- _PROBLEM DETAILS_
Below are lines of data; restate word for word those running from the line containing "泰国最新旅游之地,泰国旅游清晨时光" to the line containing "Die Nahaufnahme zeigt", inclusive, and no others.

- _RECORDS_
• • • • • • •

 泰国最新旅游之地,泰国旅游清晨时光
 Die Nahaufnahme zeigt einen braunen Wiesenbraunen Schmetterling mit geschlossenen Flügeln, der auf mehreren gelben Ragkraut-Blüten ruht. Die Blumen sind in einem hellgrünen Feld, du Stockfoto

• • • • • • •

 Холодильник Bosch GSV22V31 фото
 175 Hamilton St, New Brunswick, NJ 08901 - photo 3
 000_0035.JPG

• • • • • • •

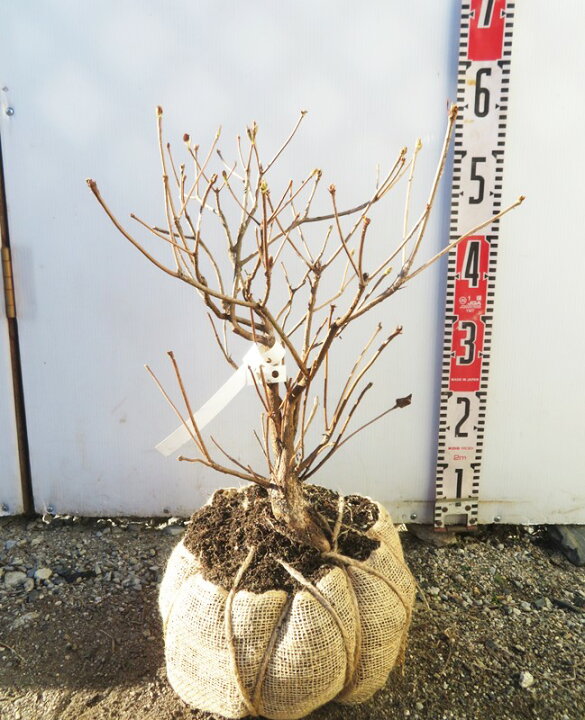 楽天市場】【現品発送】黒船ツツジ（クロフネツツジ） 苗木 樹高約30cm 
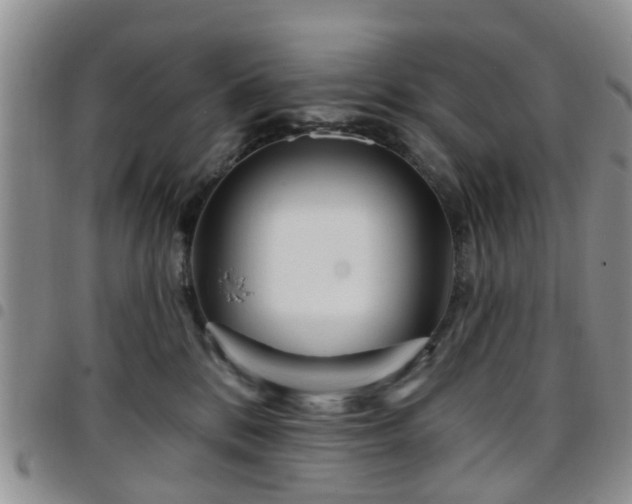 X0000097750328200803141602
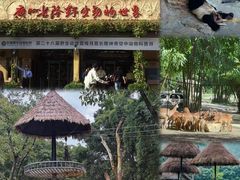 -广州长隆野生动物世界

• • • • • • •

- _WRITTEN ANSWER_
 泰国最新旅游之地,泰国旅游清晨时光
 Die Nahaufnahme zeigt einen braunen Wiesenbraunen Schmetterling mit geschlossenen Flügeln, der auf mehreren gelben Ragkraut-Blüten ruht. Die Blumen sind in einem hellgrünen Feld, du Stockfoto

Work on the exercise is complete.